Content starts
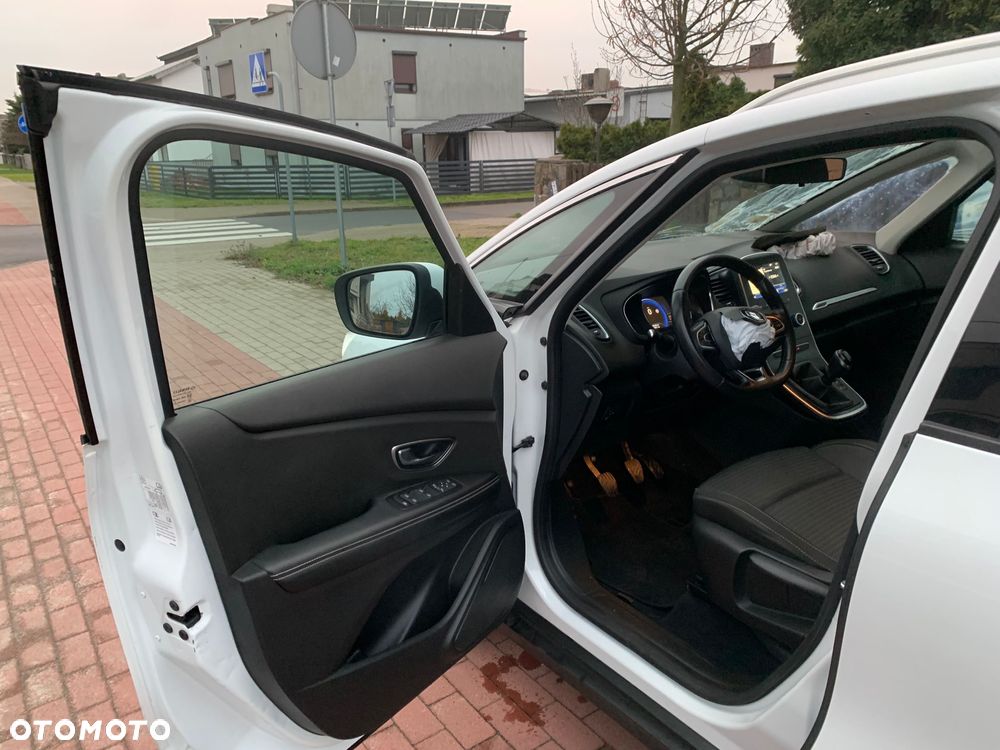 Renault Grand Scenic Gr 1.5 dCi Energy Life EU6 - 15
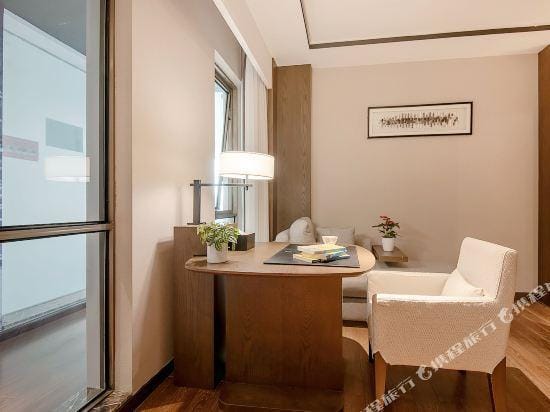 Rome Hotel Tonglu Hotel in Hangzhou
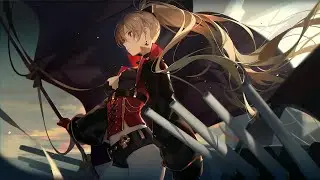 May'n - graphite/diamond (TV Size)[Insane] Osu! Mouse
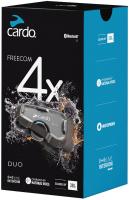 Cardo Мотогарнитура Freecom 4X Duo в Челябинске
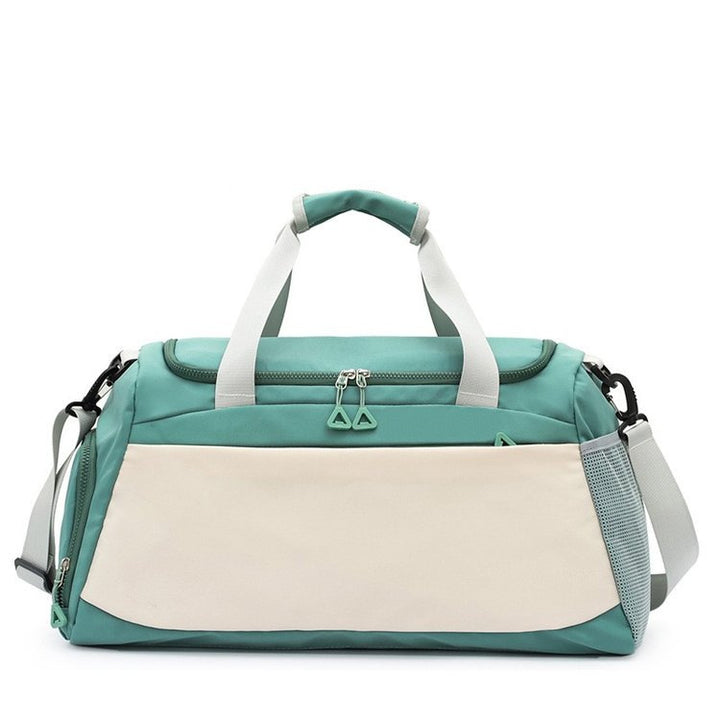 Durable Gym Duffle Bag Stornfield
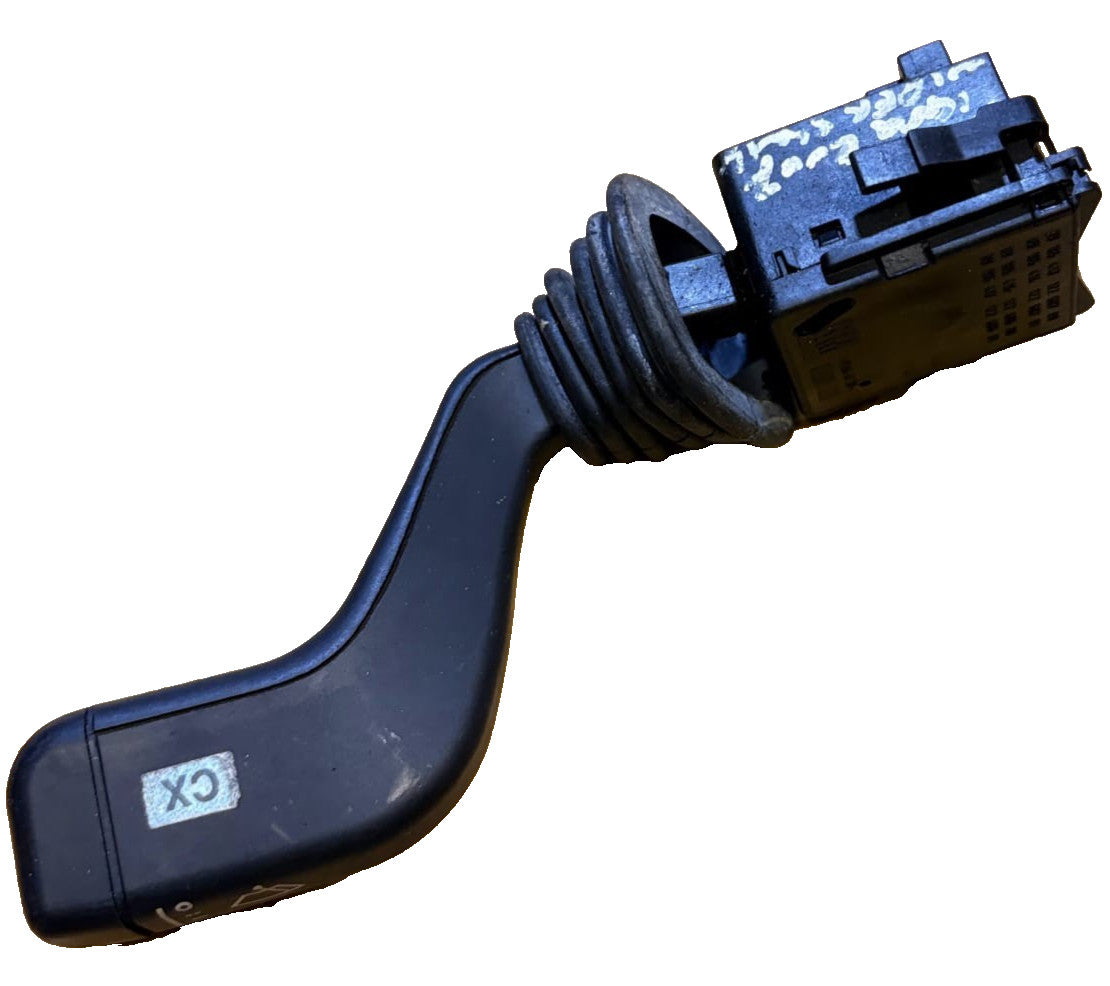 2004-2009 Opel Tigra switch wash/wipe 09185417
Content ends
Exercise aim: Leave out the pictures and give the listing above again exactly.

Solution to this task:
 Renault Grand Scenic Gr 1.5 dCi Energy Life EU6 - 15
 Rome Hotel Tonglu Hotel in Hangzhou
 May'n - graphite/diamond (TV Size)[Insane] Osu! Mouse
 Cardo Мотогарнитура Freecom 4X Duo в Челябинске
 Durable Gym Duffle Bag Stornfield
 2004-2009 Opel Tigra switch wash/wipe 09185417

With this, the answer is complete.